What weight classes?


----------



## Bracknell TKD Instructor (Feb 9, 2010)

Hi there I am looking to get started in more contact tournaments. I am the instructor of Bracknell Taekwon-Do an have done national an regional Itf Tkd tournaments. Let me know if you would consider my application!

Regards.


----------



## circusbizarre (Jan 27, 2010)

Some more info for you,

MMA Semi Pro rules -

Sam 80kgs - only ever interclub / class sparring

Paul 80kgs - only ever interclub / class sparring

Patrick 80kgs - only ever interclub / class sparring

MMA Pro Rules

Raf 93kgs 2 wins - 0 losses

We also need an MMA Ref and Judge so if anybody is interested.

Kickboxing - full contact

Anthony 88kgs - only ever interclub / class sparring

Martin 88kgs - only ever interclub / class sparring

Chris 95kgs - only ever interclub / class sparring

Callum - 60kgs "Junior" 15 years old - only ever interclub / class sparring

Mark - 83kg - won 1 fight

Jon - 90kg - Senior won 1 fight 42 years old

Jason 70kg - only ever interclub / class sparring

Boxing - No Head Guards

Adam 76kg - won 2 fights

Please either phone 01903 236664 and speak to Nick or email [email protected]

www.gym-xtreme.com


----------



## Syrus (Jan 4, 2010)

Is Callam interested in going into the MMA?

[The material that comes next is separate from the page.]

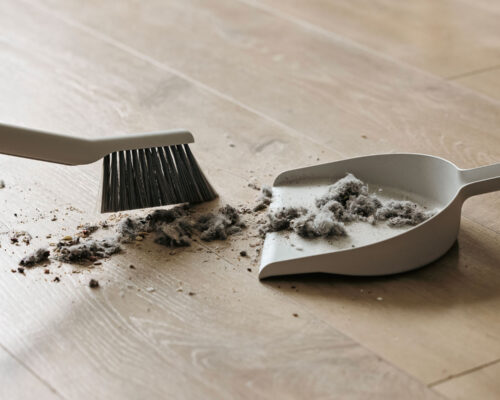 dust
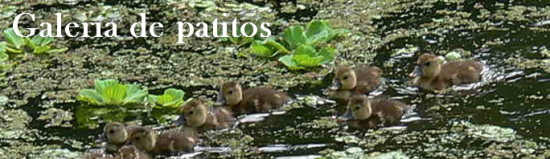 Galería de patitos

I'm only two years his elder and 5kg lighter with only sparring experience, could be a good matchup?


----------



## circusbizarre (Jan 27, 2010)

sorry dude but Callum is only interested in kickboxing so a no starter


----------



## circusbizarre (Jan 27, 2010)

hi guys,

had some people pull out and the event is close,

so if anybody is interested not just the weight categories listed above please email [email protected]

cheers

nigel


----------



## Evolution Acadamy (May 9, 2010)

Hi Nigel

We are running an MMA / K1 event on 7th August in Hastings.

Just saw your post as only joined today. Shame we missed the date.

A lot of our guys are new to the sport and are looking for matches for the event. Would be good to chat as we are so close.

Mail me for a chat.... [email protected]

Cheers

Mark


----------



## circusbizarre (Jan 27, 2010)

Hi Mark

We have another night happening on August the 28th, I have PM'd you on here.

Cheers

Nigel


----------



## Jae (May 25, 2010)

hey, let me know if Jason comes to london, im looking for a first fight, 21 years old, 66kg

cheers,

J


----------